Nine Mornings of Christmas

by B.J. Stolbov

I’m startled awake by every dog in the neighborhood going off, howling and barking. I’ve never heard such an ungodly uproar.  Nothing like this has happened here before.  It’s pitch black outside. There are no streetlights in this neighborhood; there are no streets, only dirt trails out there.  I roll over and look at my clock.  It’s 3:30AM.  I have no idea what’s going on.

There’s a light on in the kitchen and my host Mother is up.  She is boiling water, making herself a cup of tea. 

“What’s going on?”  I ask.

“Mass,” she answers. 

“Mass?”

“Four o’clock mass.”  She sits down.  “The Catholics are going to church.”  She sips her tea.

“At four o’clock?” 

It’s nine days before Christmas.
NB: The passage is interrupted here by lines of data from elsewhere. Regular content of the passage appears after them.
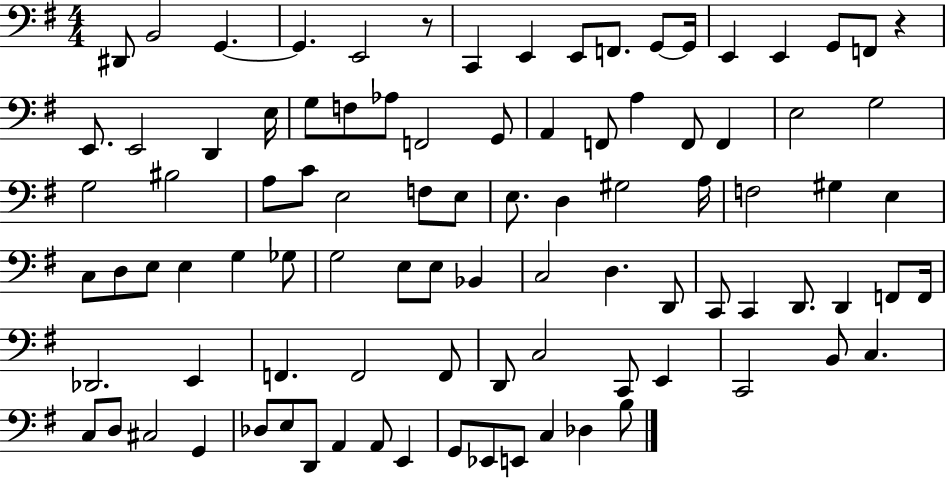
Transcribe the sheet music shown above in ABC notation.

X:1
T:Untitled
M:4/4
L:1/4
K:G
^D,,/2 B,,2 G,, G,, E,,2 z/2 C,, E,, E,,/2 F,,/2 G,,/2 G,,/4 E,, E,, G,,/2 F,,/2 z E,,/2 E,,2 D,, E,/4 G,/2 F,/2 _A,/2 F,,2 G,,/2 A,, F,,/2 A, F,,/2 F,, E,2 G,2 G,2 ^B,2 A,/2 C/2 E,2 F,/2 E,/2 E,/2 D, ^G,2 A,/4 F,2 ^G, E, C,/2 D,/2 E,/2 E, G, _G,/2 G,2 E,/2 E,/2 _B,, C,2 D, D,,/2 C,,/2 C,, D,,/2 D,, F,,/2 F,,/4 _D,,2 E,, F,, F,,2 F,,/2 D,,/2 C,2 C,,/2 E,, C,,2 B,,/2 C, C,/2 D,/2 ^C,2 G,, _D,/2 E,/2 D,,/2 A,, A,,/2 E,, G,,/2 _E,,/2 E,,/2 C, _D, B,/2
The Philippines is the only Christian country in Asia. Beginning this morning, December 16, the Christians will get up and go to early morning mass every day until Christmas. The Catholics have to wake up this early because their churches will be full and the mass will start exactly at 4AM.
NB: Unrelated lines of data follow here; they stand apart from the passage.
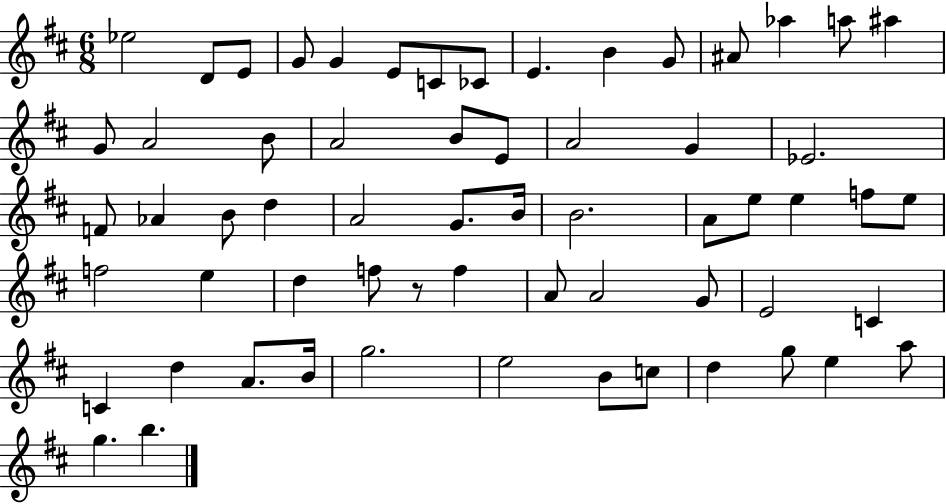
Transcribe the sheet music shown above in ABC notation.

X:1
T:Untitled
M:6/8
L:1/4
K:D
_e2 D/2 E/2 G/2 G E/2 C/2 _C/2 E B G/2 ^A/2 _a a/2 ^a G/2 A2 B/2 A2 B/2 E/2 A2 G _E2 F/2 _A B/2 d A2 G/2 B/4 B2 A/2 e/2 e f/2 e/2 f2 e d f/2 z/2 f A/2 A2 G/2 E2 C C d A/2 B/4 g2 e2 B/2 c/2 d g/2 e a/2 g b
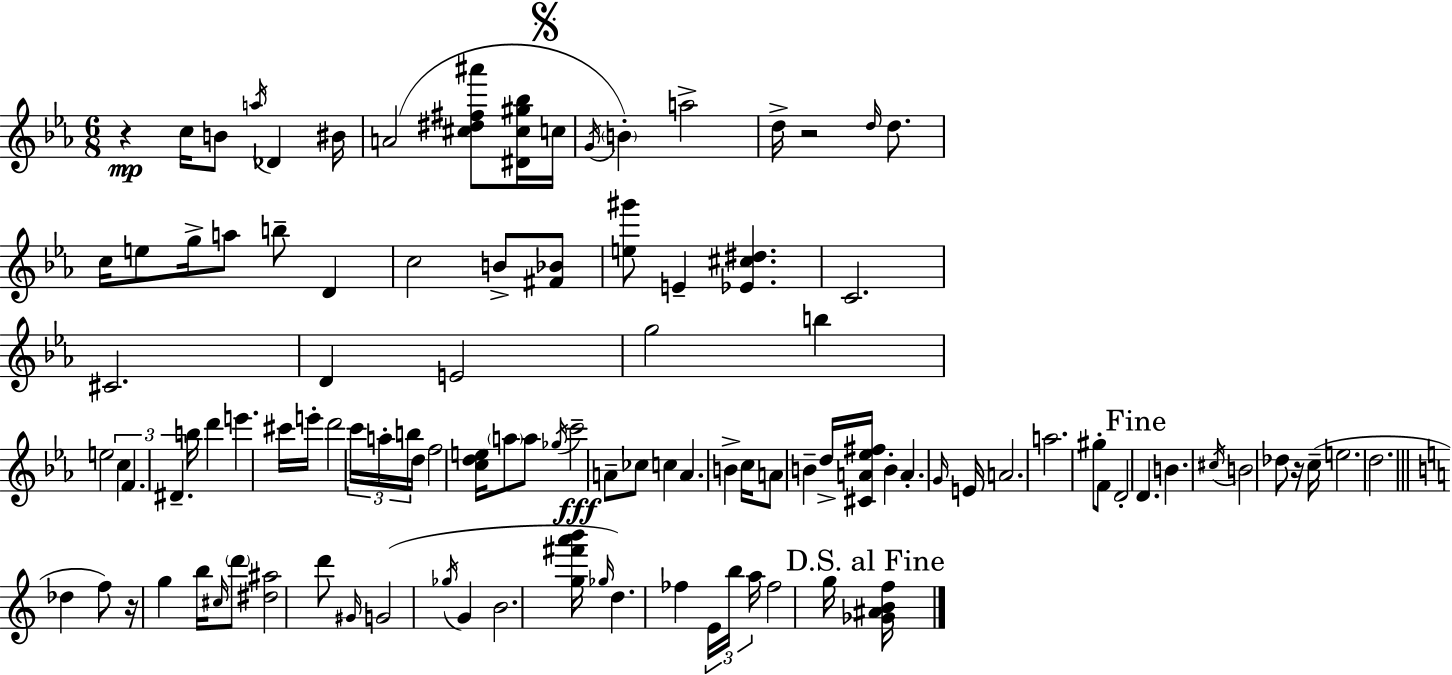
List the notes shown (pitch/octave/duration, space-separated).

R/q C5/s B4/e A5/s Db4/q BIS4/s A4/h [C#5,D#5,F#5,A#6]/e [D#4,C#5,G#5,Bb5]/s C5/s G4/s B4/q A5/h D5/s R/h D5/s D5/e. C5/s E5/e G5/s A5/e B5/e D4/q C5/h B4/e [F#4,Bb4]/e [E5,G#6]/e E4/q [Eb4,C#5,D#5]/q. C4/h. C#4/h. D4/q E4/h G5/h B5/q E5/h C5/q F4/q. D#4/q. B5/s D6/q E6/q. C#6/s E6/s D6/h C6/s A5/s B5/s D5/s F5/h [C5,D5,E5]/s A5/e A5/e Gb5/s C6/h A4/e CES5/e C5/q A4/q. B4/q C5/s A4/e B4/q D5/s [C#4,A4,Eb5,F#5]/s B4/q A4/q. G4/s E4/s A4/h. A5/h. G#5/e F4/e D4/h D4/q. B4/q. C#5/s B4/h Db5/e R/s C5/s E5/h. D5/h. Db5/q F5/e R/s G5/q B5/s C#5/s D6/e [D#5,A#5]/h D6/e G#4/s G4/h Gb5/s G4/q B4/h. [G5,F#6,A6,B6]/s Gb5/s D5/q. FES5/q E4/s B5/s A5/s FES5/h G5/s [Gb4,A#4,B4,F5]/s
My host Mother, sitting in her bathrobe, heating a larger pot of water for her bucket shower, is Protestant, a Methodist.  For the next nine days, she will attempt to attend morning services at the much more reasonable hour of 6AM. And she invites me.

I’ve been living in the Philippines for a year now. I’m a 61-year-old male and, among other various professions, I’m a writer.  Rather than retire, I’m way too young to retire and this writer doesn’t want to retire, I decided to join the Peace Corps.  Now, I’m living a fascinating life with a Filipino family and teaching high school English in one of the most remote and beautiful provinces in the Philippines.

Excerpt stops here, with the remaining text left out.